Step 2: Blend the salsa verde
Add the broiled tomatillos, jalapeños, onion, peeled garlic, cilantro, broth (start with 1/2 cup), lime juice, and salt to a blender. Blend until smooth, 30–45 seconds. Taste and adjust with a pinch more salt or a splash of lime if desired. If it is very thick, add 1–2 tbsp broth to reach a pourable, spoon-coating consistency.

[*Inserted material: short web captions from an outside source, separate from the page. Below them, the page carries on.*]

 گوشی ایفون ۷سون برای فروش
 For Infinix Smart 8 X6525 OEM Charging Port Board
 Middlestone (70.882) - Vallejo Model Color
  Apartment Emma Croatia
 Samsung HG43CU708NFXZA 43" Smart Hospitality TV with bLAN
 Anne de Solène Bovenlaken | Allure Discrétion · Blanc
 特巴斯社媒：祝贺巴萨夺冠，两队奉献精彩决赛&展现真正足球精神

Step 3: Bloom and thicken the salsa
Heat 1 tbsp neutral oil in a 12-inch skillet over medium-high heat until shimmering. Carefully pour in the blended salsa (it may sputter). Bring to a boil, then reduce to a lively simmer and cook 3–5 minutes, stirring occasionally, until slightly thickened and glossy. You want a sauce that coats a spoon but still flows. If it gets too thick, thin with a tablespoon or two of broth.
Step 4: Fry the eggs
In a separate 10–12 inch nonstick or cast-iron skillet, heat 2 tbsp neutral oil over medium heat until shimmering. Crack in the eggs and cook, undisturbed, until the whites are set and the yolks are still runny, 3–4 minutes for sunny-side up. For over-easy, flip and cook 30–45 seconds more. Season lightly with salt and pepper. Turn off the heat.

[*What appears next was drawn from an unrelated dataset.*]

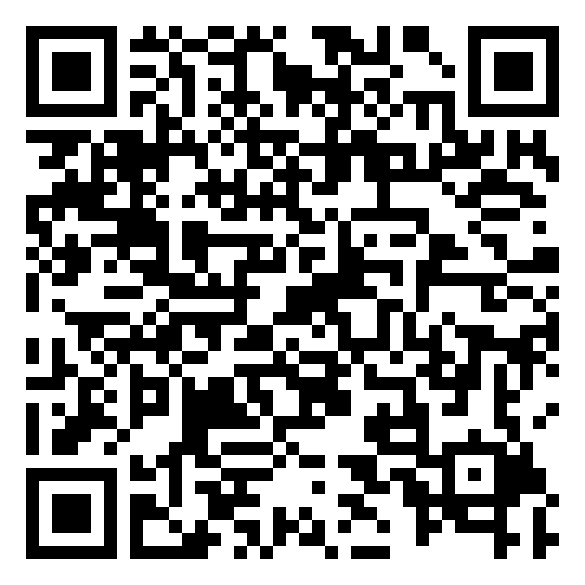 QR code 14586426000000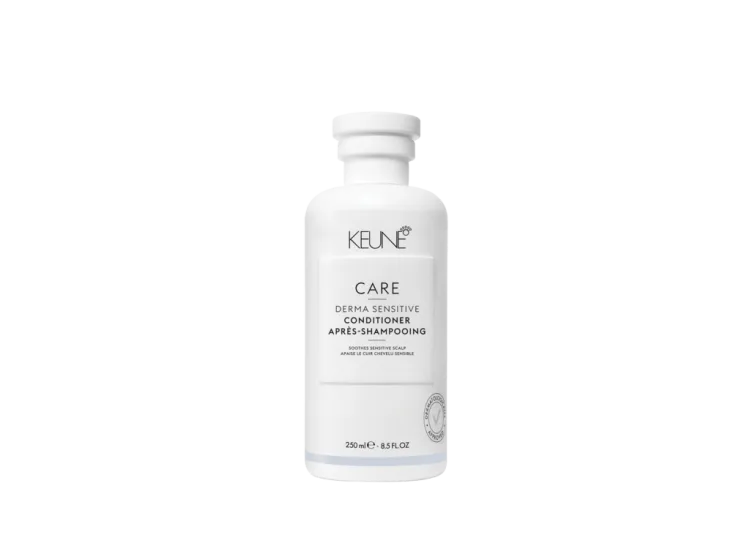 CARE DERMA SENSITIVE CONDITIONER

Step 5: Coat the chips in the salsa
Reduce the salsa skillet to medium-low. Add the tortilla chips and gently fold with a wide spatula to coat every chip. Cook 60–90 seconds, just until the chips soften slightly at the edges but keep some crunch at the centers. Do not overcook—the chips will continue to soften off the heat.
Step 6: Finish and serve
Divide the chilaquiles among 4 warm plates (or serve family-style in the skillet). Drizzle with crema, sprinkle generously with crumbled queso fresco, and top with radish slices and chopped cilantro. Place a fried egg over each portion. Serve immediately with lime wedges (and optional diced onion or avocado).
Pro Tips
- Use thick, sturdy chips (or homemade)—thin chips turn soggy fast.
- Sauce-to-chip ratio matters: aim for about 1.5–2 cups salsa per 8 oz chips.
- Add chips at the very end and toss briefly; lingering in the pan softens them quickly.
- Char equals flavor: broiling or pan-charring the tomatillos, chiles, and onion deepens the salsa.
- Keep the yolks runny—the egg’s richness mingles with the salsa to make a silky sauce.
Variations
- Chicken chilaquiles: Stir 1 cup warm shredded rotisserie chicken into the simmering salsa before adding chips.
- Bean boost: Add 1 cup drained black or pinto beans for protein and extra heartiness.
- Chilaquiles rojos: Swap the green salsa for a red tomato–guajillo or chipotle sauce and proceed as directed.
Storage & Make-Ahead
Make the salsa verde up to 4 days ahead; refrigerate in an airtight container. Rewarm gently before using. Cook eggs to order and add chips just before serving for best texture. Assembled chilaquiles soften within minutes; leftovers can be refrigerated up to 1 day but will be soft. Reheat in a skillet over medium heat with a splash of broth, then fold in a handful of fresh chips to revive some crunch. Add fresh garnishes and a newly fried egg.
Nutrition (per serving)
Approx. 600 calories; 44 g carbohydrates; 17 g protein; 38 g fat; 11 g saturated fat; 5 g fiber; 820 mg sodium. Nutrition will vary based on chips, broth, and toppings used.